Sécheresse et sentiers fermés : la montagne corse sous cloche
Enjeux : adaptation ou déclin ?
Sécheresse et sentiers fermés : la montagne corse sous cloche
Juillet 2026 marque un tournant critique pour la montagne corse. Après le printemps « le plus chaud jamais enregistré » et un juin classé « mois le plus sec jamais observé », le déficit d’eau atteint 75 %, les massifs de Bavella et d’Illarata restent fermés depuis le 18 juillet, tandis que des sections du GR20 ont été évacuées. Ce phénomène révèle un paradoxe : une île qui avait reçu le label « Or » Green Destinations en 2025 pour son engagement environnemental voit désormais son attraction touristique repoussée par la crise climatique elle-même.
Une aridité sans précédent
La Corse connaît en 2026 une crise hydroclimatique structurelle sans équivalent depuis le début des enregistrements fiables. Selon la DREAL Corse, le printemps 2026 s’inscrit comme « le 3e plus sec depuis 2000 et le plus chaud jamais enregistré ». Plus préoccupant encore, juin 2026 a été classé comme « le mois le plus sec jamais observé », avec des précipitations représentant à peine 4 % des normales saisonnières. Les températures ont dépassé de 4 °C les valeurs usuelles, tandis que les stocks d’eau disponibles se sont effondrés. Le diagnostic établi par les comités de ressource en eau confirme l’ampleur du phénomène : 70 % des nappes phréatiques affichent des niveaux « bas à très bas ». Les débits des cours d’eau, vitaux pour l’irrigation agricole et l’alimentation en eau potable, sont déjà fortement affectés dès juin. Par arrêté préfectoral du 2 juillet 2026, la Haute-Corse a été placée en vigilance sécheresse, tandis que la préfecture de Corse-du-Sud a déclenché en juillet une alerte renforcée dans le nord du département. Le 15 juin, l’interdiction du feu a été étendue à toute la Haute-Corse — barbecues en zones non réglementées, incinération de végétation, et même fumer à moins de 200 mètres de forêts sont interdits.
La fragmentation touristique
Les fermetures préfectorales se sont multipliées avec une rapidité sans précédent.

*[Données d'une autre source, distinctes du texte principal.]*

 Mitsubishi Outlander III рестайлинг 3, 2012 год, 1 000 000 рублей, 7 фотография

Depuis juillet 2026, le GR20 ne forme plus une boucle continue. Entre Tighjettu et Ballone, le passage demeure fermé suite à un incendie majeur déclaré le 14 juillet à Albertacce. Le 18 juillet, la préfecture de Haute-Corse a ordonné l’évacuation de sections entre Asco et Ciottulu di i Mori, à cause d’un risque incendie « très sévère ». En Corse-du-Sud, les massifs de Bavella et d’Illarata-Taglio Rosso restent inaccessibles par ordre préfectoral, interrompant le GR20 entre Asinau et Paliri. Cette fragmentation crée une situation inédite : les randonneurs doivent désormais utiliser une navette payante pour contourner les sections fermées entre Asco et Vergio. Les communes de montagne — Calacuccia, Corte, Zonza, Vivario — confrontées à des pertes d’exploitation estimées à 20-30 % du chiffre d’affaires estival, découvrent que les interdictions d’accès, justifiées par la sécurité, se prolongent au-delà des prévisions. L’accumulation de biomasse morte sur les sentiers abandonnés, paradoxalement, aggrave les risques futurs.

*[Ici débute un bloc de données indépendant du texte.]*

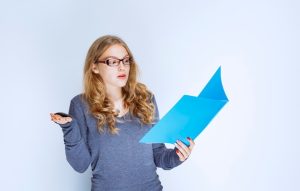 assistant-with-blue-folder-looks-dissatisfied_144627-57805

Enjeux : adaptation ou déclin ?
Les projections climatiques restent alarmantes. Selon Météo-France, les températures annuelles en Corse augmenteraient de 2,1 °C d’ici 2050. Les précipitations estivales décroîtraient de 13 %, tandis que les événements pluvieux extrêmes s’intensifieraient de 19 %. Ces transformations remodèlent les viabilités d’usage de montagne. La Corse, dépourvue de ces amortisseurs et fortement dépendante du tourisme estival concentré, se découvre particulièrement vulnérable. Le tourisme représente 39 % du PIB corse, soit environ 10 milliards d’euros, et génère 27 000 emplois directs. La saison 2024 avait affiché une hausse de 6,7 % en nuitées ; l’année 2025 a inversé cette tendance. Le taux de radiations d’entreprises corses a bondi de 36,3 % en 2025. Le budget moyen des vacanciers a reculé à 1 530 euros, soit 150 euros de moins qu’en 2025. Parallèlement, des transformations favorables émergent. La Corse a obtenu en 2025 le label « Or » de Green Destinations, devenant la première île méditerranéenne et l’unique région française à recevoir cette distinction. Le slow tourisme progresse — les réservations camping au printemps 2026 ont augmenté de 15 % par rapport à 2025, tandis que les locations de voiture s’étiraient sur l’avant-saison avec une hausse de 49 %. Cette diversification économique et temporelle pourrait amortir les chocs climatiques, mais elle suppose une montagne accessible.